Степан Бакалович, если судить по обзорам академических выставок середины и конца 80-х годов, — самый популярный русский художник этого времени; любимец «приличной публики». Именно его искусство воспринимается многими критиками как выход из тупика противостояния — как альтернатива одновременно и «идейному» передвижничеству, и «старому», всем надоевшему академизму. Правда, его ранние жанры — например, «Римский поэт Катулл, читающий друзьям свои произведения» (1885, ГТГ) — не слишком интересны; они еще следуют традиции Семирадского и в выборе сюжетов, и в преобладании пейзажных фонов, и в некоторой живописности стиля. Настоящий Бакалович начинается с картины «В приемной у Мецената» (первый вариант 1887, музей-заповедник Павловск; повторение 1890, ГТГ); это его шедевр. Своеобразная «лирическая» бессобытийность этой картины несколько отличается от повествовательных анекдотических сценок. К тому же Бакалович переносит действие в интерьер, и это диктует принципиально «интерьерный», а не «пейзажный» принцип построения тональной гаммы, усиленный контраст очень темного фона и ярко освещенного первого плана, создающий эффект сияния белого мрамора (с оттенком люминизма). В этой картине определяется «техническая» специфика нового искусства, которая заключается в почти нерукотворном совершенстве исполнения — возможно, в качестве осознанной альтернативы московской этюдной живописности[808]. Так или иначе, эта доведенная до предела техническая изощренность — типичное качество коммерческого искусства — сама по себе порождает (возможно, невольно) новый эстетический эффект искусственности, почти лабораторной чистоты и точности[809].

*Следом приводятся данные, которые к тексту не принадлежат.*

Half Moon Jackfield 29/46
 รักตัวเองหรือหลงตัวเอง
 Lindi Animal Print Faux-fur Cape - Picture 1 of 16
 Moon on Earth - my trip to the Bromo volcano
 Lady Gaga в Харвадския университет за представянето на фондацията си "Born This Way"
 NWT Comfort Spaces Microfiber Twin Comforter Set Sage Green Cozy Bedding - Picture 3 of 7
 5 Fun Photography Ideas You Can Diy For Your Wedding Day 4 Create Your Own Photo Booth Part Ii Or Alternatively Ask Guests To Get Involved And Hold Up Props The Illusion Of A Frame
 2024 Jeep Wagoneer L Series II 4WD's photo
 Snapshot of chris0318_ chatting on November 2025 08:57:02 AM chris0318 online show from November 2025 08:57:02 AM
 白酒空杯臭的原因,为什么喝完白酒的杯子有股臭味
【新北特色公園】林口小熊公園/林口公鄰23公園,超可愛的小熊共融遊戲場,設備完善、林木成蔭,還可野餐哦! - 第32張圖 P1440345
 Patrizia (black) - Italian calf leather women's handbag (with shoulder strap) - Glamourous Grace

Поздний Бакалович возвращается к пейзажным мотивам, но трактует их парадоксальным образом как интерьерные, не прибегая к этюдной технике Семирадского и каким-либо пленэрным эффектам. Гладкое египетское небо выглядит у него как стена храма («Моление Кхонсу», 1905, ГРМ).

Клавдий Степанов, дворянин и дилетант, проживший за границей (в пригородах Флоренции) около двадцати лет, в обзорах академических выставок часто с похвалой упоминается рядом с Бакаловичем, хотя и не имеет такой славы. Его сюжеты — главным образом исторические («Посольство Чемоданова во Флоренции, во времена царя Алексея Михайловича», 1887) или литературные анекдоты. В качестве источника последних используется сервантесовский «Дон Кихот»: например, «Честь спасена. Дон Кихот после сражения с мельницами» (1888, ГТГ). Чистого анекдотизма у него больше, чем у Бакаловича («Седина в голову, а бес в ребро», 1888, Государственное музейное объединение Художественная культура Русского Севера), хотя есть и просто забавные типы («Скупой», 1888; «Торговец», 1889; «Музыкант», 1890).